The 30-year-old Australian's claims should not be discounted as she ran an eye-catching race at the London Stadium - where she gets her campaign under way on Friday - last month and has shown time and again she has the mental strength to cope with the extra pressure at championships.
The 2011 world champion and two-time Commonwealth Games gold medallist has had to be tough the past two years.
She suffered an horrific bone explosion in her wrist at the Diamond League meeting in Rome in 2015 - she feared in the immediate aftermath she might have to have her lower arm amputated - and missed the world championships.
Then, last year, her hopes of defending her Olympic title in Rio disappeared because of a hamstring injury.
However, injury-free and with the impressive performance behind American world record holder Kendra Harrison at the London Diamond League meeting has her purring over her chances.

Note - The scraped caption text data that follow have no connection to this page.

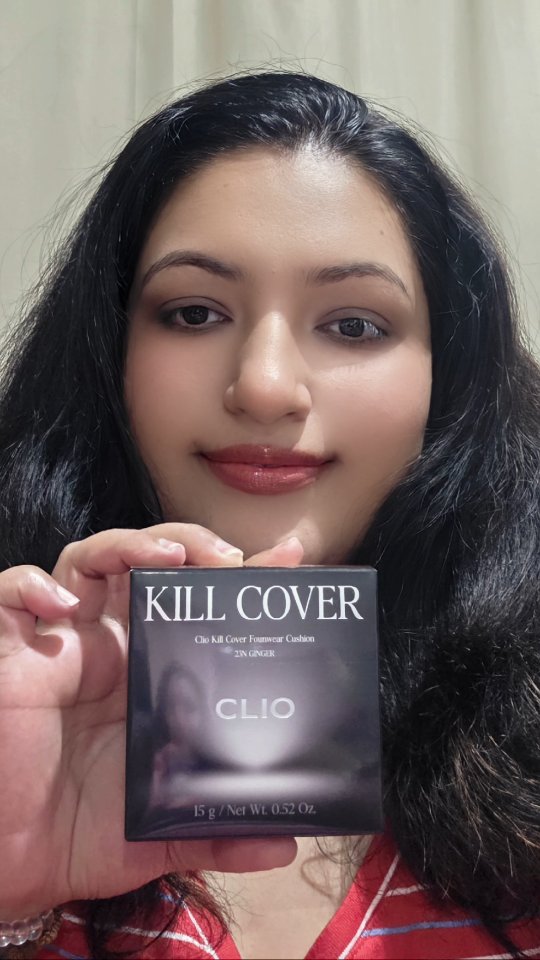 Instagram post by @lareinevlogs for CLIO Cosmetics. Caption reads: Amazon Black Friday Must-Have: CLIO Kill Cover....
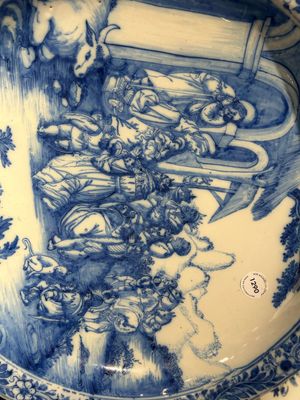 Plat exceptionnel en faïence en bleu et blanc à décor de l'Adoration des Mages, atelier Verstraeten, Haarlem, ca. 1640-1660 — photo 13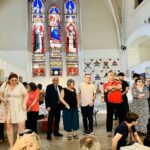 Lors du vernissage, le Président, des administrateurs et les artistes ainsi que la coordinatrice des arts font des discours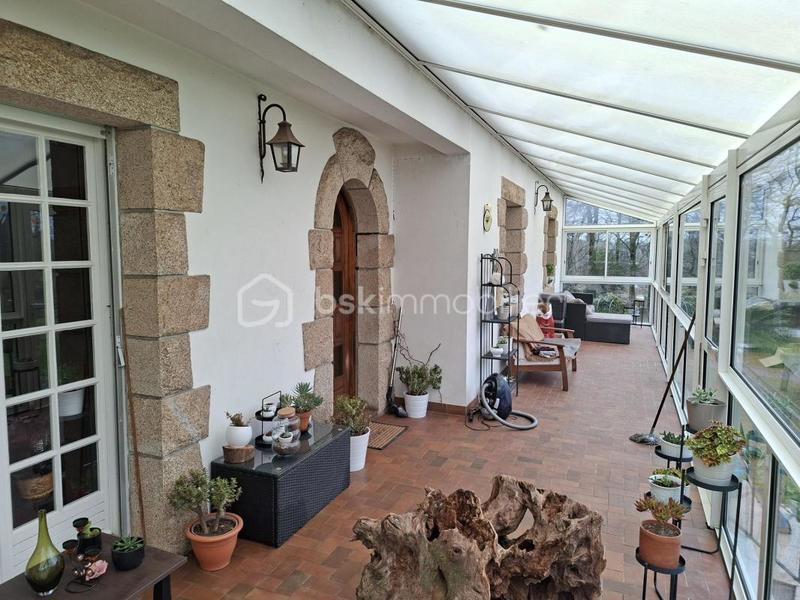 Maison - 220 m² - 11 pièces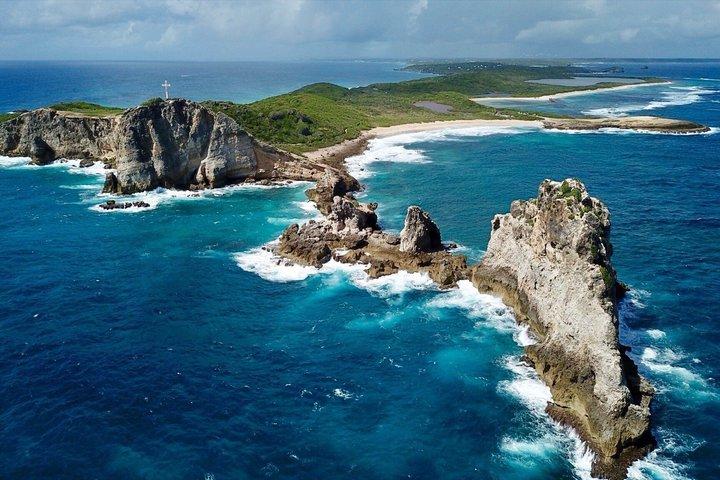 Guadeloupe bus hop on hop off Grande Terre purple Tour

"Do I choose to be fair on myself and just say, 'Just go out there and enjoy it and have fun', yet my other side is going, 'You are going out there to win'," she said last week.
"I would love, deep down, I would love a medal. I really would love a medal. I know you really want me to say gold but that's what I want, I would love a medal and I think that would be a huge success.
"Knowing that I have achieved in this stadium before and knowing I'm coming back again, probably not as the favourite to win but certainly a contender to at least medal or make a final or whatever - that sits well with me."
'IT IS NOT A SAD STORY'
Pearson's resilience stems from a tough childhood which saw the Sydney-born hurdler brought up in Queensland by her mother Anne McLellan who worked two jobs so that her daughter could fulfil her dreams.
However, McLellan, who was born in England but stayed in Australia when she visited as a tourist in 1981, has no regrets about her selflessness.
"If your child is good at something or wants to follow a dream, then I don't think it's a sacrifice," she told the Sydney Morning Herald in 2013.
"Getting a second job was no big deal. I didn't see it as a sacrifice."
"In order for her to get to that first Commonwealth Games she needed massage and physio every week, all sorts of things.
"It was money we had to get somehow and that was the only way to do it."
Pearson, married to high school sweetheart plumber Kieran since 2010, acknowledges her mother's role but prefers to keep it inside the family.
"It's personal and private stuff," she told The Australian in 2012.
"My mum doesn't like being in the media and talking about it either. We didn't have a car. Not everyone has a car.
"We didn't feel sorry for ourselves. When I grew up I caught buses and cabs to get to training and did whatever I had to get there.
"It is just normal to us. It is not a sad story. It is just what we had to do to survive, really."
Pearson, who has little contact with her father, may not wish to dwell on that subject but the marks left by her tough upbringing shine through when it comes to taking the younger generation of athletes to task.
"Maybe some of them need to realise that it's not just all about taking, taking, taking, it's all about giving back to the sport as well," she told the Sydney Morning Herald in 2013.
"You've got to face the hard times. Anyone in any walk of life has to do the hard yards before they become the best."